Facendo una media degli aumenti della Tari, per le utenze non domestiche i maggiori oneri hanno raggiunto il picco del 24%. A mettere in evidenza questi darti è l’Osservatorio Prezzi e Tariffe di Cittadinanzattiva.

Chi deve pagare la Tari

Prima di addentrarci ulteriormente sugli aumenti della Tari nel 2024 è meglio soffermarsi un attimo su chi debba mettere mano al portafoglio per pagare questo obolo. A determinare la tariffa sulla tassa rifiuti ci pensano direttamente le amministrazioni comunali, che la calcolano sulla base alla superficie e alla quantità di immondizia prodotta. O alla quantità e qualità dei rifiuti per unità di superficie. Nel determinare gli importi vengono presi in considerazione anche la tipologia dell’attività svolta e il costo del servizio rifiuti.

L’articolo 1, comma 6421, della Legge n. 147/2013 prevede che il pagamento della Tari debba essere effettuato da chiunque sia in possesso – o detenga a qualsiasi titolo – dei locali o delle aree scoperte che possano produrre dei rifiuti urbani. La Tari deve essere versata da quanti siano proprietari:

  • dei locali. Con questo termine si devono intendere tutte quelle strutture fissate al terreno e chiuse almeno su tre lati;
  • delle aree scoperte. Ossia quei terreni nei quali non siano presenti degli edifici o delle strutture edilizie, degli spazi circoscritti che non facciano parte integrante del locale. Ma che, ad ogni modo possano essere utilizzati e come tale possano produrre dei rifiuti urbani e assimilati.

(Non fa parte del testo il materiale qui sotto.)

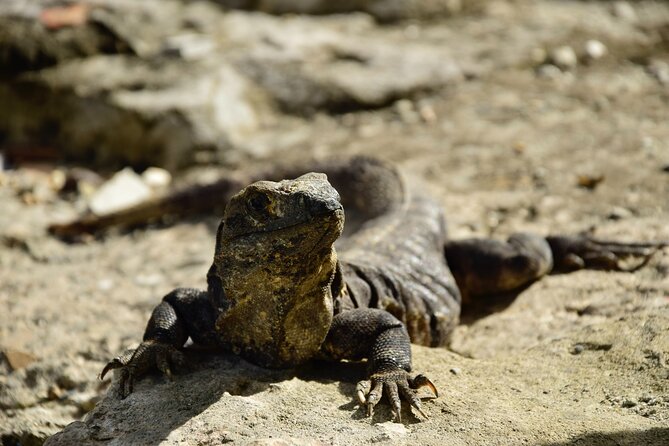 Tulum Ruins, Turtles in Akumal and Cenote tour - Yax-Muul cenote: the day’s most unusual stop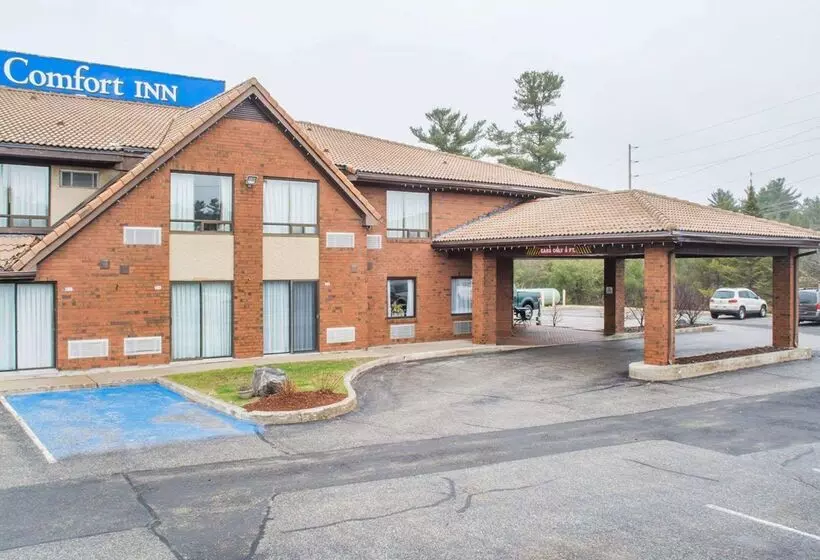 酒店 Comfort Inn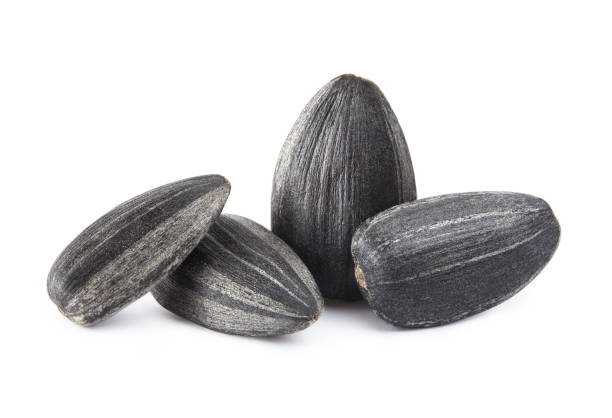 istock Sunflower black seeds on white 1178573658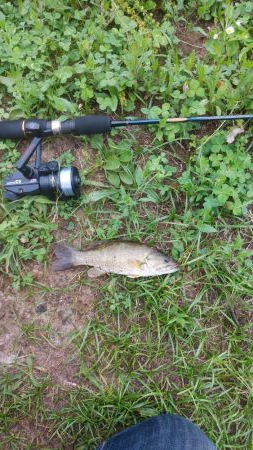 スモールマウス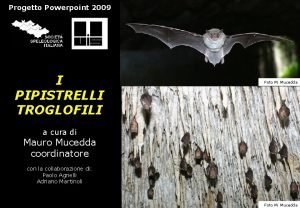 Progetto Powerpoint 2009 I PIPISTRELLI TROGLOFILI Foto M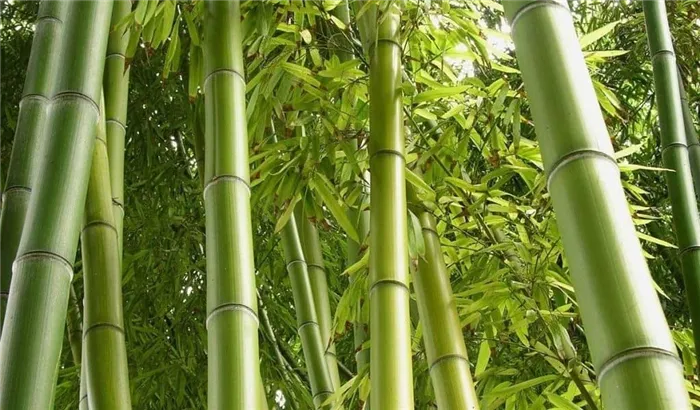 Бамбуковые рощи в Австралии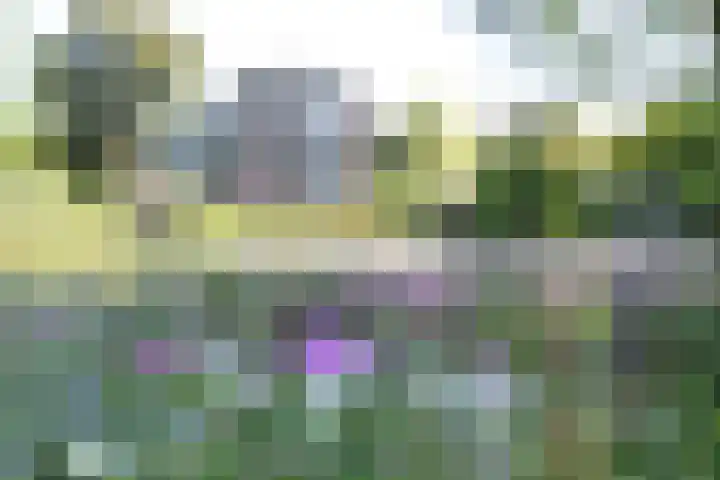 Cornelis de Wittlaan 86 Den Haag thumbnail 46
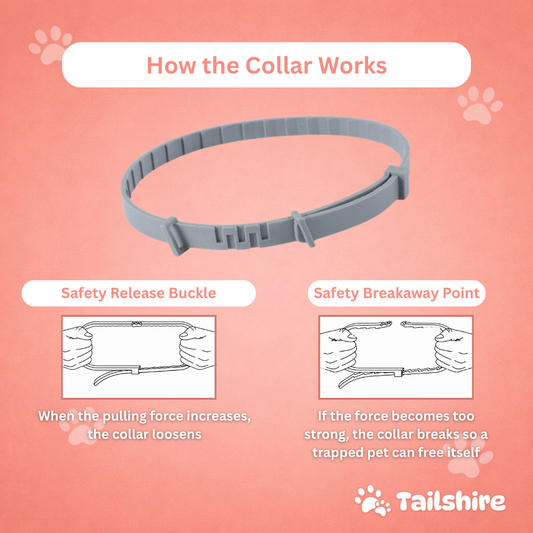 Tick & Flea Collar – how the collar works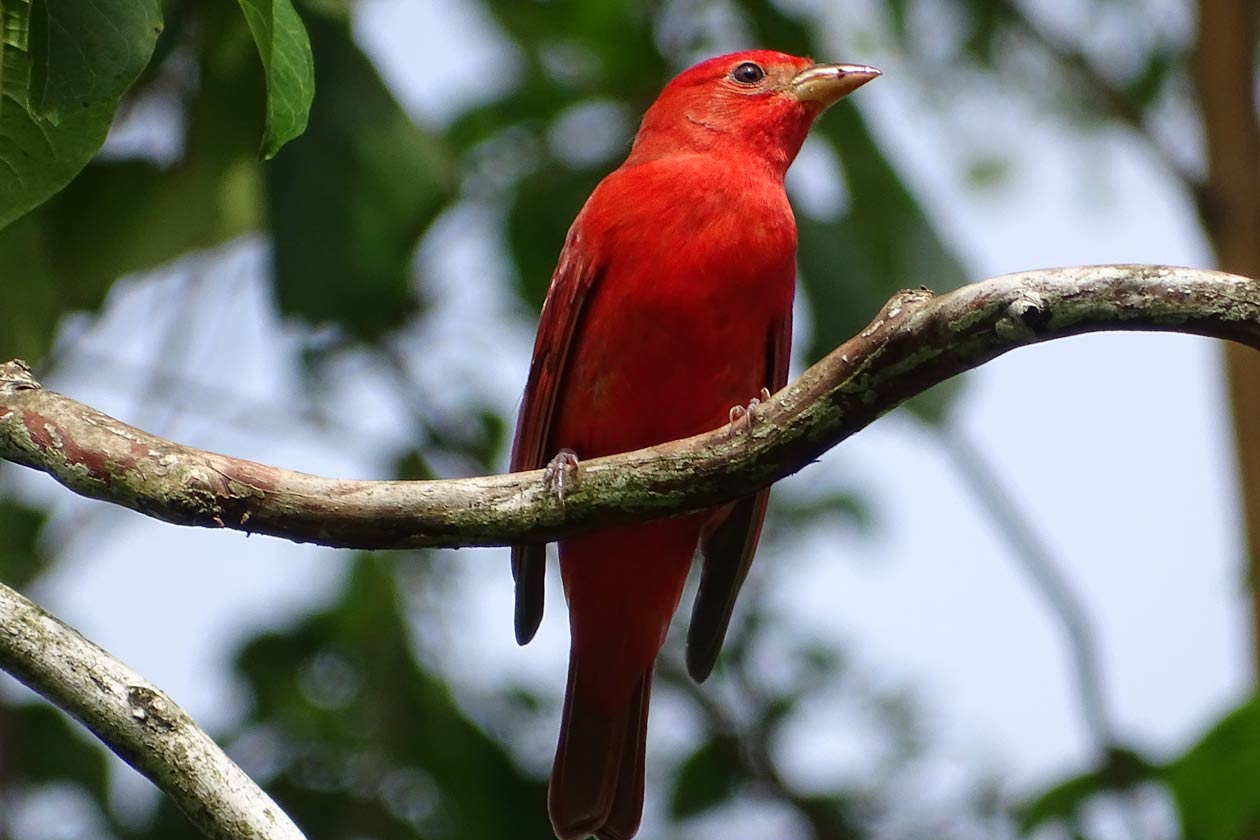 catálogo aves Nicaragua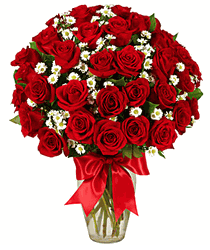 Happy Woman's Day 3 Dozen Roses - Red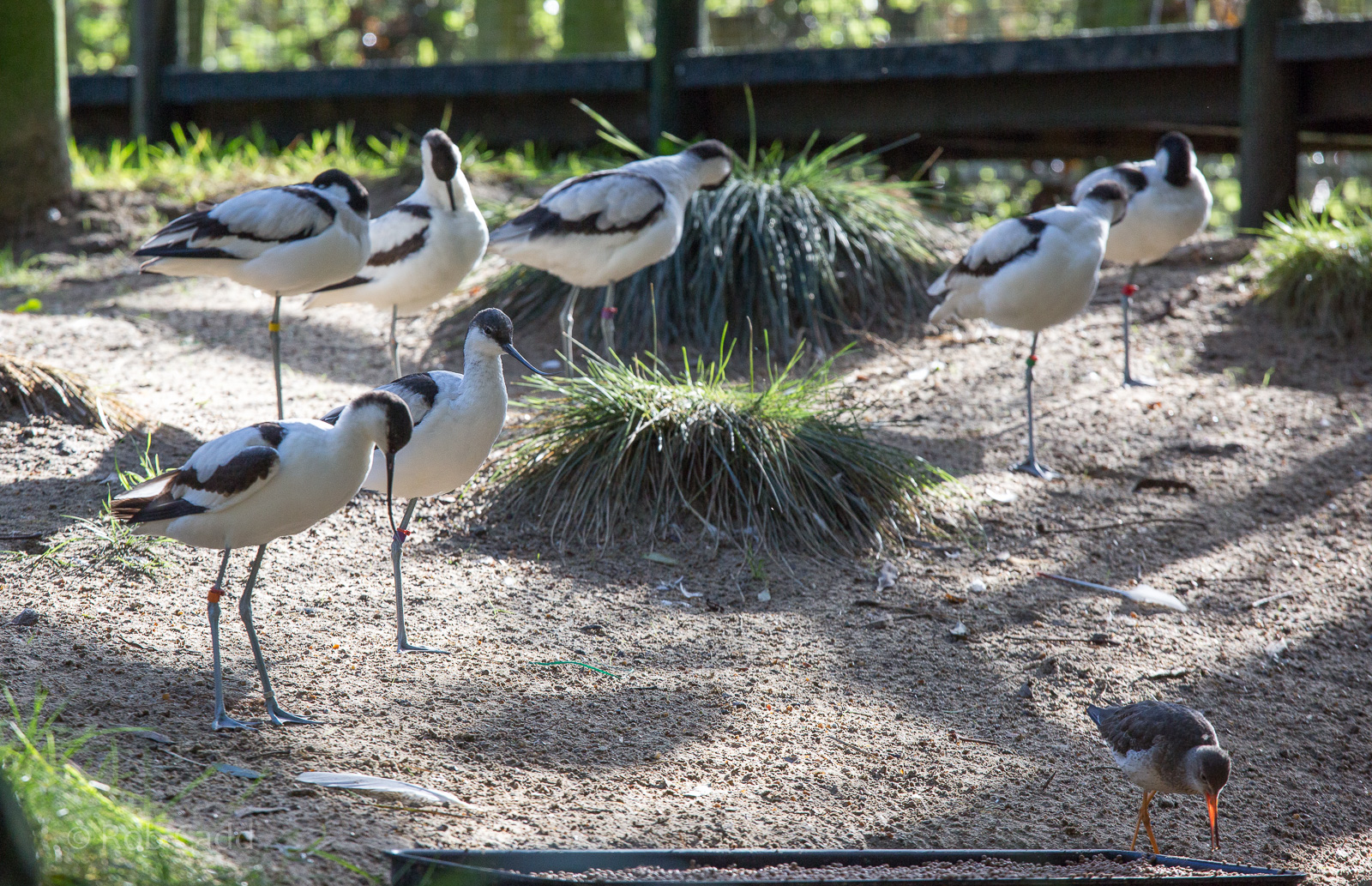 Avocets (and redshank) : Wildwood : 16 Oct 2014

Sono tenuti a pagare la Tari quanti occupino l’immobile, indipendentemente dal fatto che ne siano un inquilino in affitto o il proprietario. Devono effettuare il versamento della tassa:

  • il proprietario dell’immobile, che in quel momento lo sta occupando;
  • l’inquilino che abbia sottoscritto un contratto di locazione superiore a 6 mesi. Nel caso in cui il contratto abbia una durata inferiore decade in automatico l’obbligo al pagamento della Tari.

Chi è escluso dal pagamento

Non sono soggette al pagamento della Tari le aree che, almeno oggettivamente, risultano essere inutilizzabili e che quindi sono state escluse dal servizio pubblico di nettezza urbana. Tra queste rientrano:

  • le aree scoperte pertinenziali o accessorie alle civili abitazioni;
  • le aree condominiali comuni.

È bene sottolineare, ad ogni modo, che la Tari deve essere versata anche per le pertinenze, la cui superficie deve essere sommata a quella dell’abitazione principale.

Dove la Tari costa di più

La Tari non ha lo stesso costo in tutte le città italiane, che applicano delle tariffe differenti. Mediamente costa più al Sud rispetto che al Nord, una differenza determinata da una gestione della raccolta rifiuti più inefficiente. Stando all’ultimo rapporto redatto da Cittadinanzaattiva, le prime cinque città nelle quali la Tari costa di più sono le seguenti:

  • Catania: 594 euro;
  • Pisa: 512 euro. Nel 2023 era pari a 481;
  • Genova: 501 euro. Fino allo scorso anno si pagavano 492 euro;
  • Napoli: 482 euro. Rispetto a quello che abbiamo visto in precedenza p in controtendenza: nel 2023 si pagavano 491 euro;
  • Reggio Calabria: 478 euro, lo scorso anno si pagavano 443 euro.

In sintesi

Nel 2024 molte famiglie hanno notato che la Tari è stata più cara rispetto a quella dello scorso anno. A determinare questo aumento dei costi è stata la decisione di far pesare maggiormente sulle famiglie – rispetto che alle attività commerciali – il costo della gestione del servizio della raccolta dei rifiuti.